**To do:** Below are the records; pull every line that includes "Carbon".

☆ ☆ ☆ ☆

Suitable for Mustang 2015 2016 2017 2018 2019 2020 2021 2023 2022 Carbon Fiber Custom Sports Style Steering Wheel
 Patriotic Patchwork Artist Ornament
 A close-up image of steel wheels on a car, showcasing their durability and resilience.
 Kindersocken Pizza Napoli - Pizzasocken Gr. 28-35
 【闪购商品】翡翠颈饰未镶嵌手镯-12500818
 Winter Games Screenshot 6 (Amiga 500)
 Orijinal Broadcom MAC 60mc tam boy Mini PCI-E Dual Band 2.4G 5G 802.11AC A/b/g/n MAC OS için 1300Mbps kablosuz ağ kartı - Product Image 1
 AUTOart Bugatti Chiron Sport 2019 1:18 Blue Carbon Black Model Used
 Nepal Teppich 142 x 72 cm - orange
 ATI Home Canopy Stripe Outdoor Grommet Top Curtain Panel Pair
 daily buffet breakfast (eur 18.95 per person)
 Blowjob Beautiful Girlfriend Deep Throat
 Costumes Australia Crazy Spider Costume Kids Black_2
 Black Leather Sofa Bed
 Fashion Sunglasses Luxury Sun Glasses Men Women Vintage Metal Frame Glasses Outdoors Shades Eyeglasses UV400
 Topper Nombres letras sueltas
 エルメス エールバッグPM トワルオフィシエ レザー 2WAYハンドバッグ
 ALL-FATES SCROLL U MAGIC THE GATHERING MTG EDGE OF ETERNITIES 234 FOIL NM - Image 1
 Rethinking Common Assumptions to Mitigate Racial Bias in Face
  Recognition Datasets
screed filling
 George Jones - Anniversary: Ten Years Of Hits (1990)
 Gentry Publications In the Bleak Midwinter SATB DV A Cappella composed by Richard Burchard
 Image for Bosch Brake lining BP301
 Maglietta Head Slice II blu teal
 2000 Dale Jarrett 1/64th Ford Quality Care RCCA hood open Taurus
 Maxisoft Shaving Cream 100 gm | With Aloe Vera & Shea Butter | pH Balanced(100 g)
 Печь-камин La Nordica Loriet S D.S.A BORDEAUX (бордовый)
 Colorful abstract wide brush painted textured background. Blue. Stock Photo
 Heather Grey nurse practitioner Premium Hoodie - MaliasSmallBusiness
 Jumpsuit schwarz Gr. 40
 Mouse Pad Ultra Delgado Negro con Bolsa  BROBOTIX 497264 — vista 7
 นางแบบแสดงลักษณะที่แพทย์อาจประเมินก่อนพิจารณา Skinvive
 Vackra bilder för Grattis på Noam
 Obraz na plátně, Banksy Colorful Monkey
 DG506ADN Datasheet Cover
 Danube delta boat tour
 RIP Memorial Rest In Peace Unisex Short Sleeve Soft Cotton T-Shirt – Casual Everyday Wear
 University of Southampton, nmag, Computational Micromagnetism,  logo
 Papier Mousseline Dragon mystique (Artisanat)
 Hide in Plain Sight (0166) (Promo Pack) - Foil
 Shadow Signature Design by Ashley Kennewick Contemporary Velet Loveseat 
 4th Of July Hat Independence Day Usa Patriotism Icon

☆ ☆ ☆ ☆

**Answer below:**
Suitable for Mustang 2015 2016 2017 2018 2019 2020 2021 2023 2022 Carbon Fiber Custom Sports Style Steering Wheel
 AUTOart Bugatti Chiron Sport 2019 1:18 Blue Carbon Black Model Used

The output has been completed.